Given data:
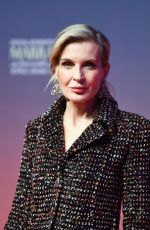 MELITA TOSCAN DU PLANTIER at The Order Premiere and Opening Ceremony at 2024 Marrakech International Film Festival 11/29/2024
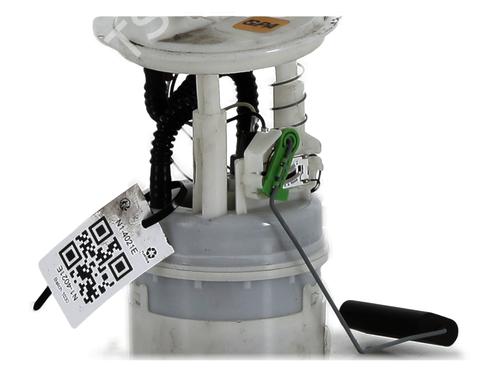 Used Fuel pump RENAULT TWINGO II (CN0_) 1.2 16V (CN04, CN0B) (75 hp) 28595146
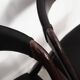 Set of four rosewood chairs, Danish design, 1970s, designer Kai Kristiansen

Prompt: An exact copy of all the lines above is required, with the pictures removed.

Solution to this task:
 MELITA TOSCAN DU PLANTIER at The Order Premiere and Opening Ceremony at 2024 Marrakech International Film Festival 11/29/2024
 Used Fuel pump RENAULT TWINGO II (CN0_) 1.2 16V (CN04, CN0B) (75 hp) 28595146
 Set of four rosewood chairs, Danish design, 1970s, designer Kai Kristiansen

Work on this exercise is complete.